As you may recall, I went back to work last year – starting off with some relief teaching days and moving up to a term-long contract. This year, I’ll be doing two days per week.

On top of that, I also study a masters degree part time by distance and I parent.

People are shocked when I tell them, they hold this up as if it’s the high watermark of all achievement.

It really is not.

The other thing people do is ask how I do it?

I wish I had great advice, but all I can offer is that no matter which way you pitch it, it’s going to be hard. That is my best stroke of wisdom. Other than that, I only have a few other gems that have gotten me this far.

Just do it. 

I was weeks from falling pregnant when I started this degree, my wedding was coming up, I was working full-time and I was still writing my book. Adding one more thing to my plate seemed to be the most fool-hardy, daunting thing ever – and yet, I knew that my 40-year-old self would thank me for starting when I did.

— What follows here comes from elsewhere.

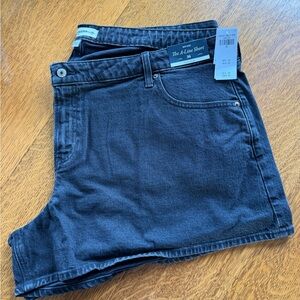 Abercrombie & Fitch Mid Rise Black Denim Shorts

There is never a ‘right time.’ Life is always busy, chaotic, and full.

If you want it, just go for it.

Don’t sacrifice baby-time for study time. 

I rarely study when he’s awake, unless we’ve spent a lot of time together and he’s entertaining himself for 20 minutes. I like to be present with him in the moment, playing, commentating, reading story books, singing… the study can wait until nap-time, bed-time, or before he wakes up in the morning. It’s all in fits and starts, but that brings me to my next point…

Just do a little every day. 

Just a little.

If you have a 3000 word essay due in 30 days, you only need to be writing 100 words a day to make it happen. Don’t procrastinate. A little here and a little there all adds up.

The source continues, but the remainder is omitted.